One crucial moment documented in this film is when SDS, with 100,000 members an important force among American young people, was essentially hijacked at its 1969 national convention in Chicago by the more radical Weather faction.
“Institutional piracy,” Todd Gitlin called it; one of the founders of SDS and later the author of a landmark book about the student left, he watched in dismay as the Weather faction advocated the violent overthrow of the U.S. government. Their program of terrorist bombings, he said, “was essentially mass murder.” When a innocent person was killed in one of its early bombings, the group however decided that was “a terrible error,” and took care that nobody was injured in a long series of later bombings, including one at the Capitol in Washington, D.C. But a Greenwich Village townhouse used by the Weathermen as a bomb factory was destroyed in an accidental explosion that killed three bombmakers.

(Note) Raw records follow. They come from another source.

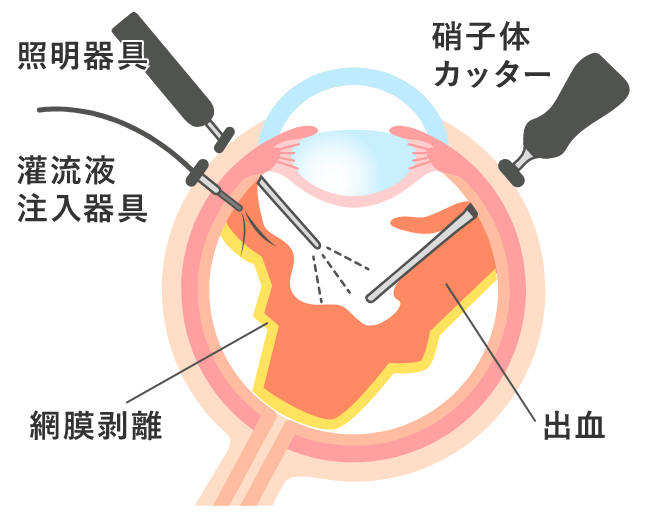 硝子体手術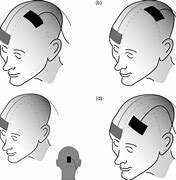 Image result for tDCS Placement Map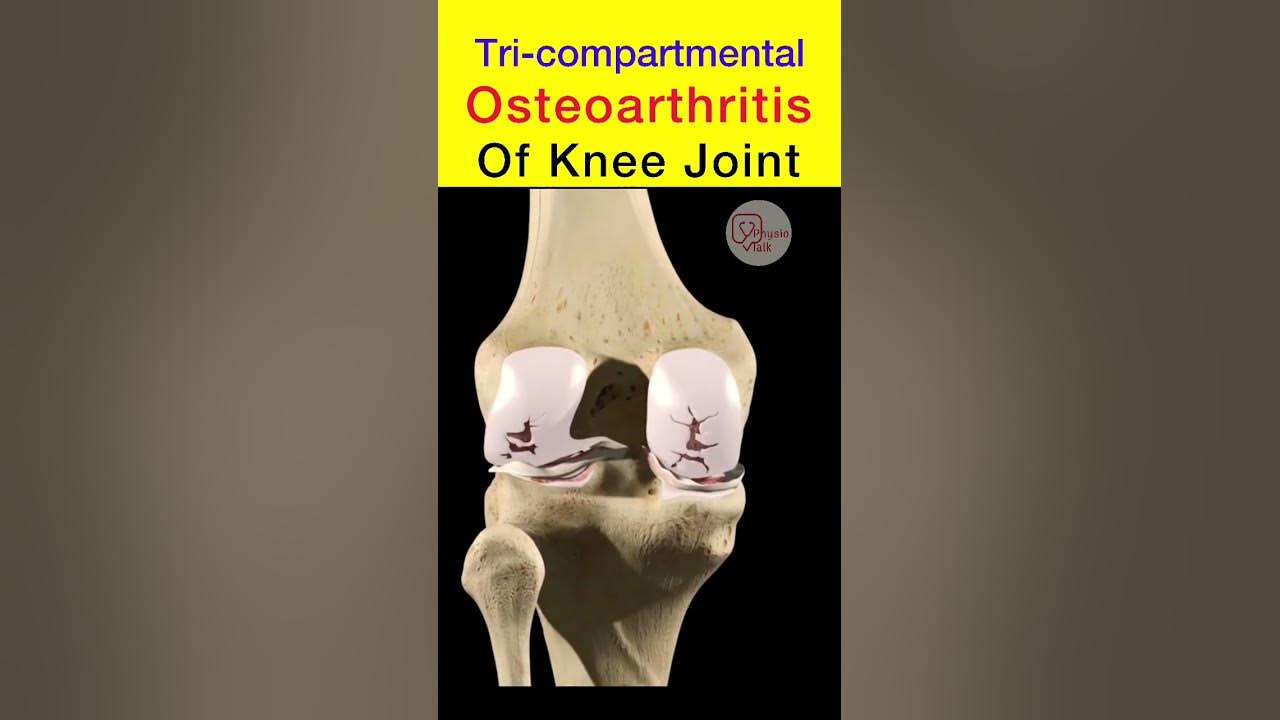 Tri compartmental osteoarthritis of knee joint shorts osteoarthritis
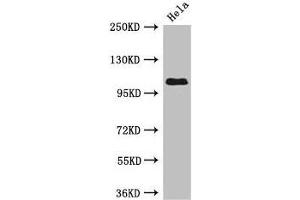 Western Blot Positive WB detected in: Hela whole cell lysate All lanes: USP33 antibody at 3 μg/mL Secondary Goat polyclonal to rabbit IgG at 1/50000 dilution Predicted band size: 107, 104, 94 kDa Observed band size: 107 kDa (USP33 Antikörper  (C-Term))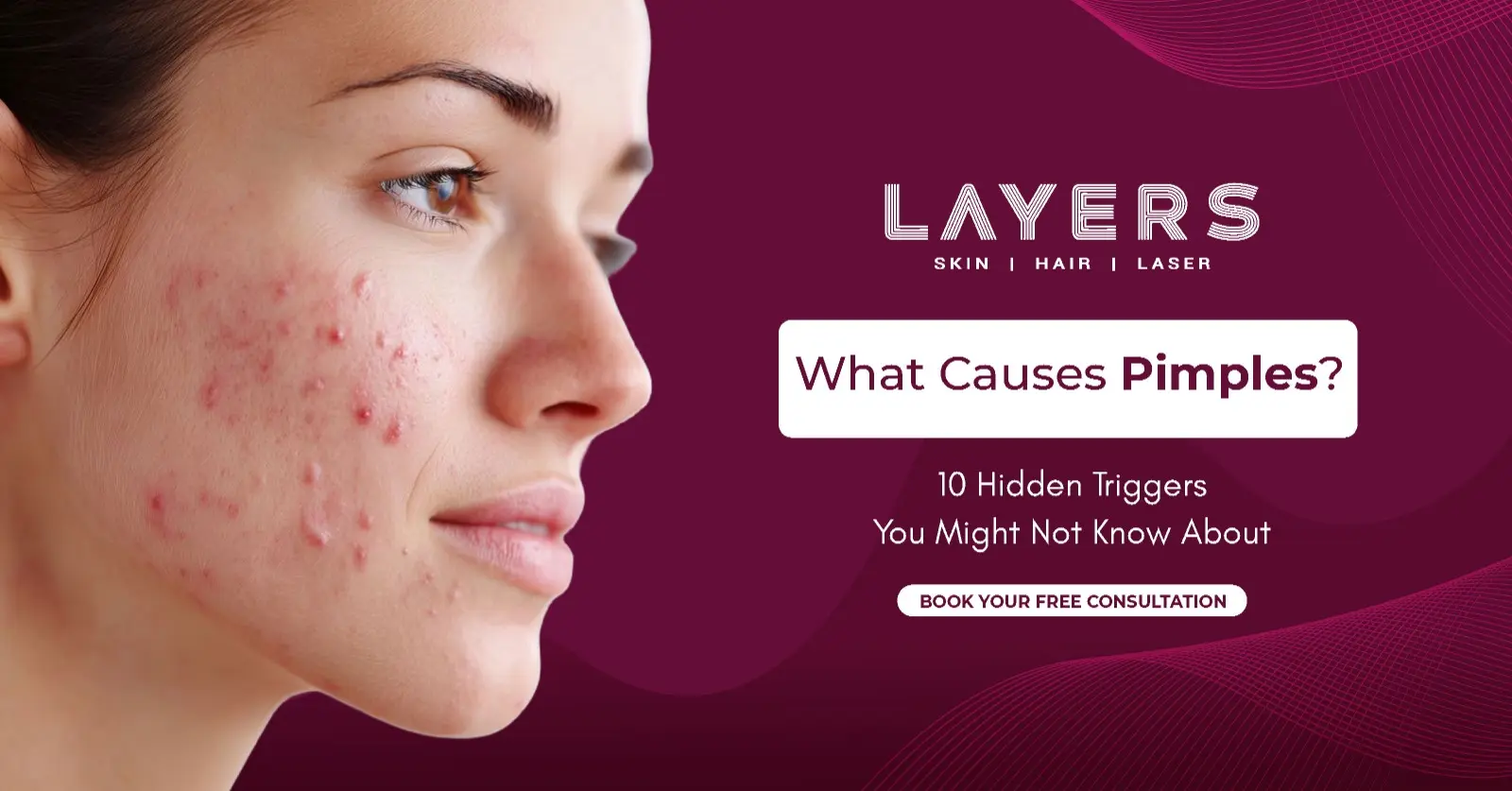 What Causes Pimples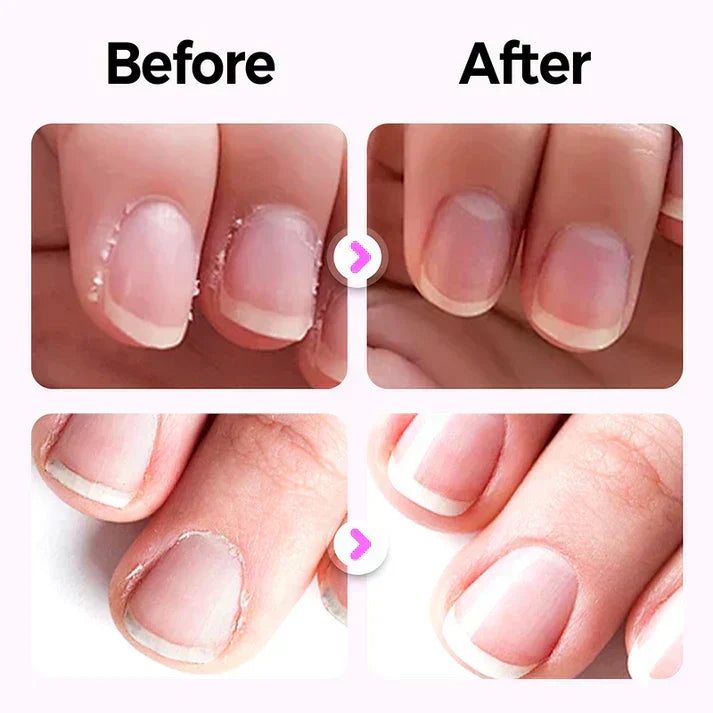 Gluschwein - 🚀Bestseller! 50% OFF – Automatische Nagelfeile für sanfte & sichere Pflege 🎉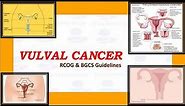 Management of Vulval Cancer, RCOG & BGCS Guidelines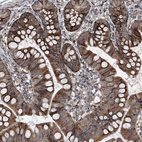 Immunohistochemical staining of human small intestine shows moderate cytoplasmic positivity in glandular cells.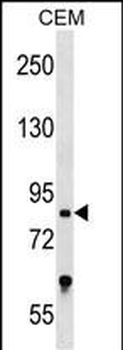 TCF25 Antibody (N-term)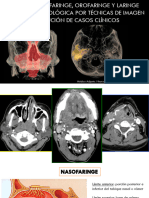 Seminario RD 2 Anatomía Radiológica Del Cuello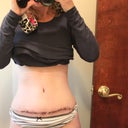26 days post op. The incision looks so red because I still have a glue-type strip over the incision that hasn't peeled off yet. There is dried blood and whatnot stuck under it so that's why the incision looks like that. Doc told me not to "pull" it off, just let it fall and flake off naturally. I guess it likes being on my belly :0(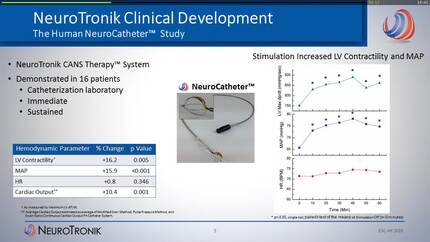 Transvenous stimulation of cardiac autonomic nerves improves hemodynamics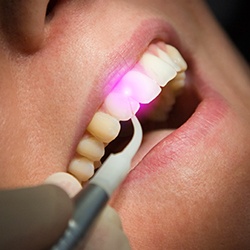 cosmetic-dentistry-6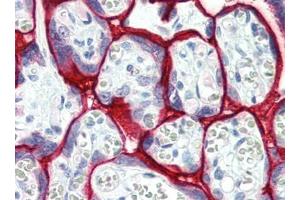 Human Placenta (formalin-fixed, paraffin-embedded) stained with SDC1at 15 µg/ml followed by biotinylated goat anti-rabbit IgG secondary antibody, alkaline phosphatase-streptavidin and chromogen. (Syndecan 1 抗体  (AA 18-218))
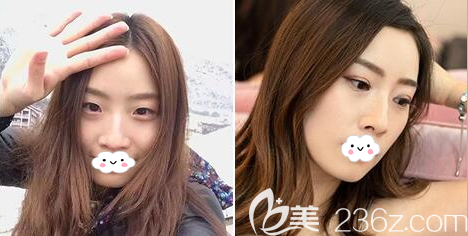 成都美极王伟双眼皮术前术后对比图 成都美极王伟双眼皮术前术后对比图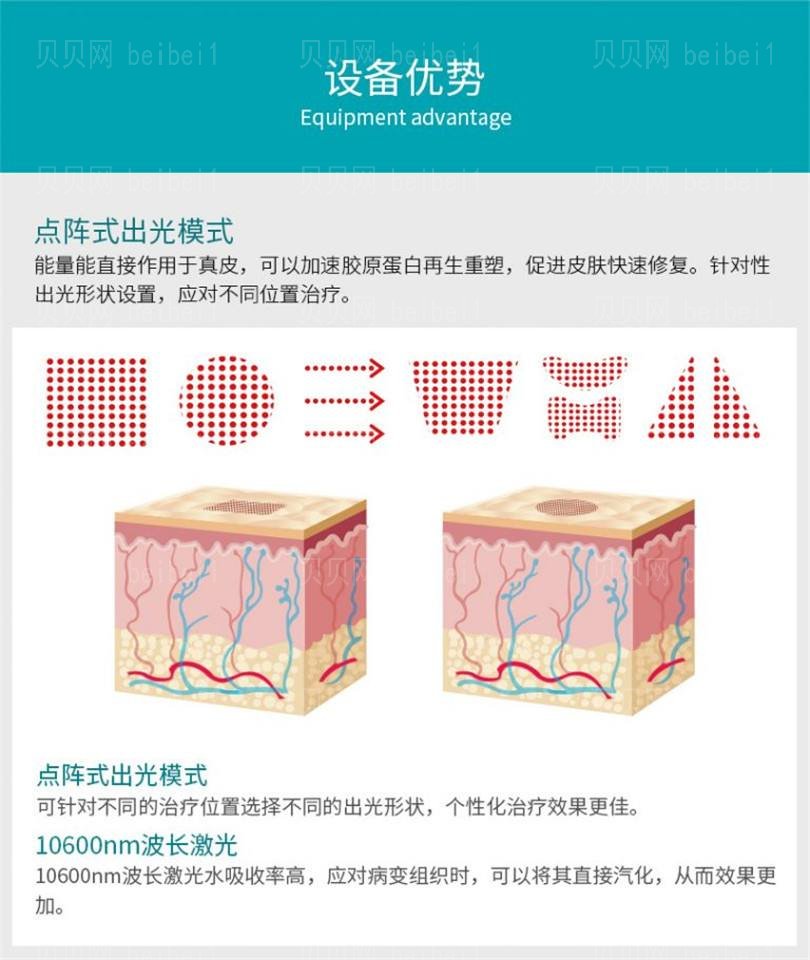 苏州大学一附院点阵激光价格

The Weathermen tactics were “Custeristic,” Black Panther leader Fred Hampton sardonically observed at the time. When the Weathermen called for Days of Rage in Chicago in 1969, he said they were “taking people into a situation where they can be massacred.” He was right, but he was himself soon massacred, in a still-controversial shooting that Chicago law enforcement officials described as a shoot-out but which physical evidence indicated was an assassination. (After the Tribune cited “bullet holes” proving Hampton had fired back, a Sun-Times team ran photographs revealing the holes to be nailheads.) The documentarians, Sam Green and Bill Siegel, are too young to remember this period personally–and, indeed, many viewers of the film may discover for the first time how ferociously the war at home was fought. The film interviews surviving players in the drama, including Bernadette Dohrn, her husband Bill Ayers, Naomi Jaffe, Mark Rudd, David Gilbert, Brian Flanagan and Gitlin. Dohrn, today the head of a program for juvenile justice at Northwestern University, still burns with the fire of her early idealism, as do Ayers and Jaffe, and you can hear in the voice of Gilbert (serving a life sentence for his involvement in a fatal robbery of a Brinks truck), the pain he felt because his country was committing what he considered murder in Vietnam.
Ironically, many charges against the Weathermen had to be dropped because the FBI had violated the law with its “Cointelpro,” a secret agency to discredit the left. After the war ended and the Weatherman movement faded away, Dohrn and Ayers lived in hiding for several years with their children–an existence some say inspired the 1988 movie “Running on Empty.” Eventually they turned themselves in, and today are leading productive, unrepentant lives.
I see Dohrn at the Conference on World Affairs at the University of Colorado, where she is as angry about the unnecessary criminalization of poor (often non-white) American young people as she was then about the war. She has, you must observe, the courage of her convictions.